Stage 1: Mixing two water samples:

Let $T_f$ be the final temperature.

$m_1 c_w (T_1 - T_f) = m_2 c_w (T_f - T_2) + C_{\text{cal}}(T_f - T_2)$

$0.3 \times 4200 \times (80 - T_f) = 0.2 \times 4200 \times (T_f - 20) + 50(T_f - 20)$

$1260(80 - T_f) = 840(T_f - 20) + 50(T_f - 20)$

$100800 - 1260T_f = 890T_f - 17800$

$100800 + 17800 = 890T_f + 1260T_f$

$118600 = 2150T_f$

$T_f = 55.16°\text{C}$

Stage 2: Adding aluminium block:

Let $T_{f2}$ be the new equilibrium temperature.

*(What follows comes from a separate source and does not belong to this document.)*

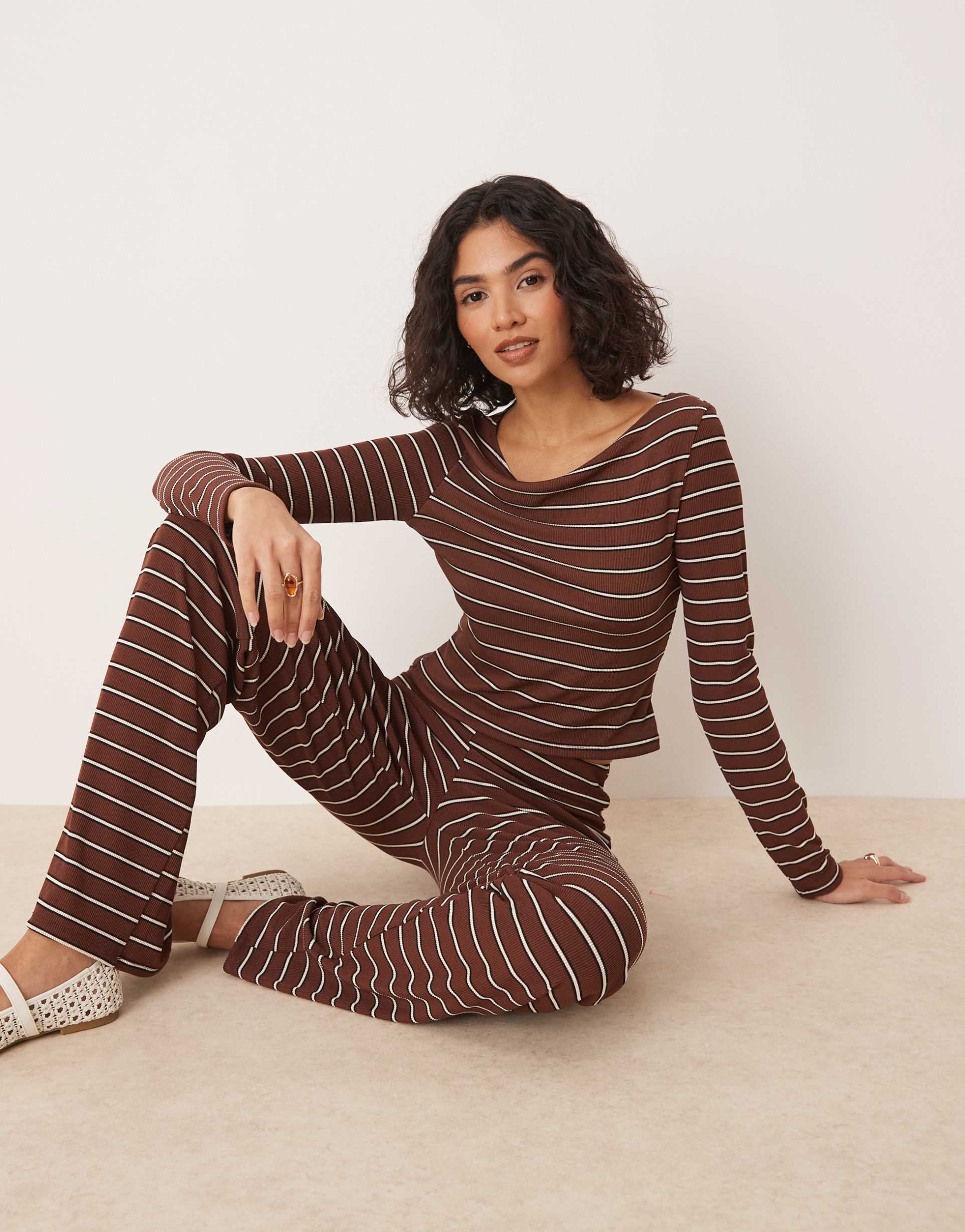 asos design boat neck top in chocolate stripe - part of a set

$m_{\text{Al}} c_{\text{Al}} (150 - T_{f2}) = (m_1 + m_2) c_w (T_{f2} - 55.16) + C_{\text{cal}}(T_{f2} - 55.16)$

$0.1 \times 900 \times (150 - T_{f2}) = 0.5 \times 4200 \times (T_{f2} - 55.16) + 50(T_{f2} - 55.16)$

$90(150 - T_{f2}) = 2100(T_{f2} - 55.16) + 50(T_{f2} - 55.16)$

$13500 - 90T_{f2} = 2150T_{f2} - 118594$

$13500 + 118594 = 2150T_{f2} + 90T_{f2}$

$132094 = 2240T_{f2}$

$T_{f2} = 58.97°\text{C}$

Key insight: The calorimeter absorbs some heat, which is often forgotten. Also, when mixing substances, the final temperature must be between the initial temperatures of all components. If the calculation gives a temperature outside this range, there is an error.